### About this task
Nothing should appear in the answer except the lines below from the line containing "Acrílico extra blanco Belleza Nails 1 onza" through the line containing "Gonna pieghe 257 PINK", copied exactly, with pictures left out.

### Given data
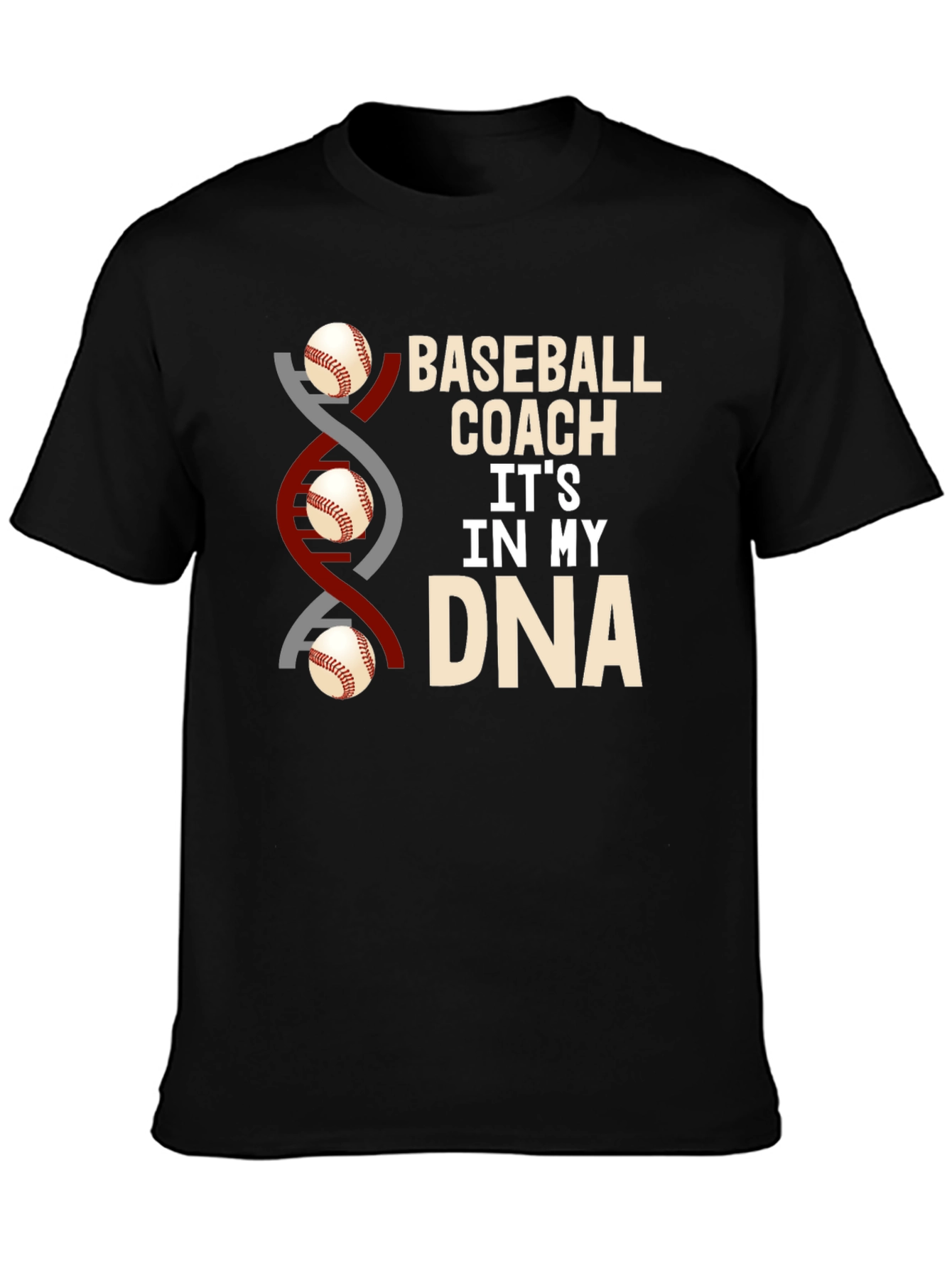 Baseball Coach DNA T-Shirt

--

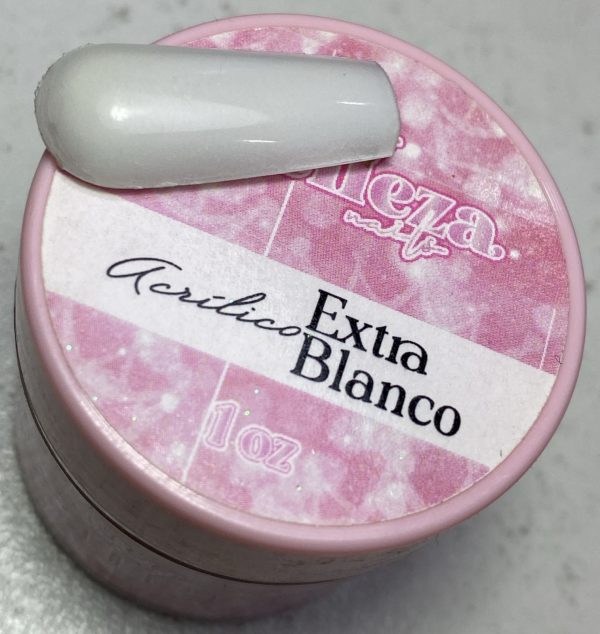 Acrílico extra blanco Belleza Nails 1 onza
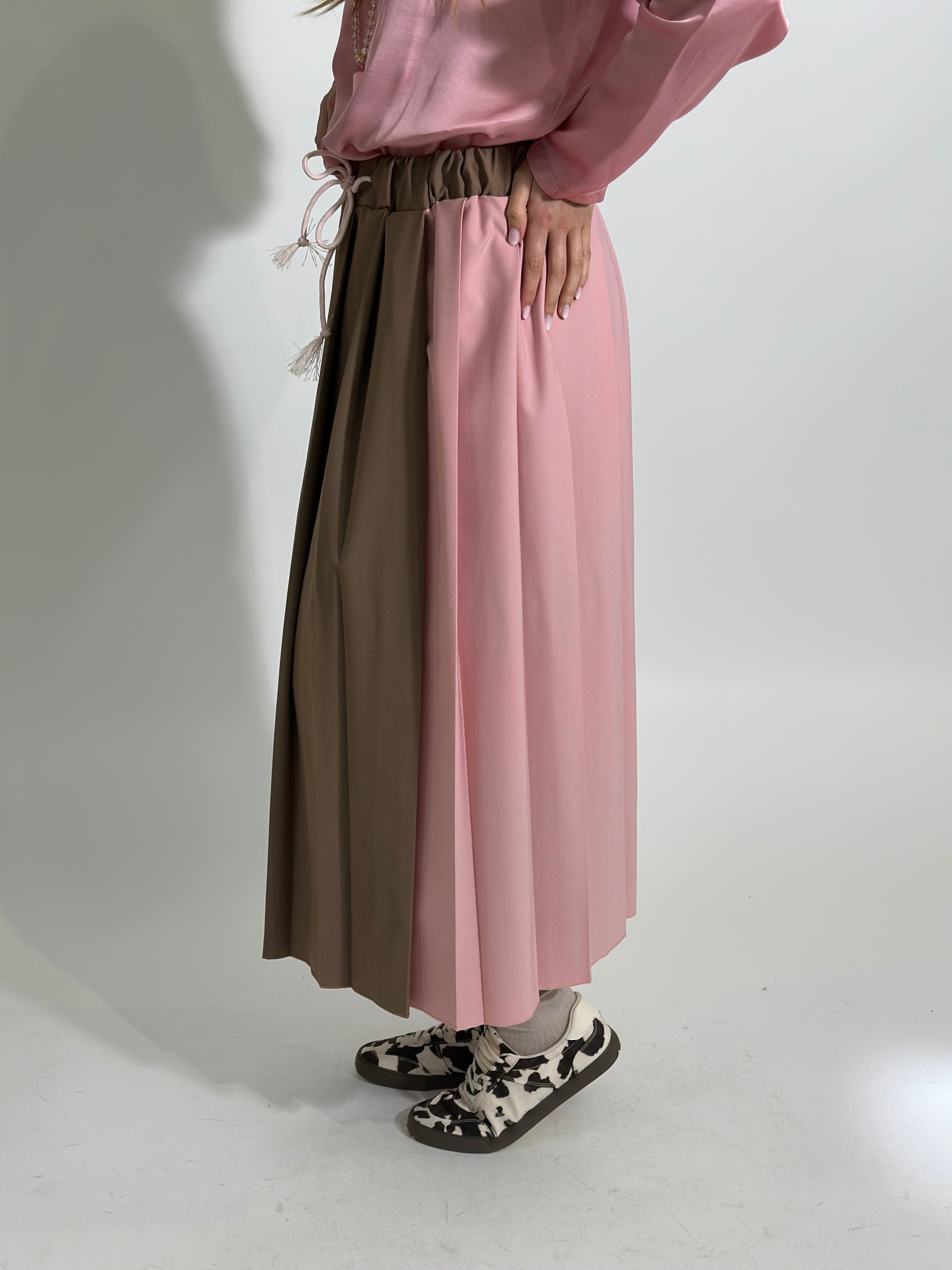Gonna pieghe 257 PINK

### Task response
 Acrílico extra blanco Belleza Nails 1 onza
Gonna pieghe 257 PINK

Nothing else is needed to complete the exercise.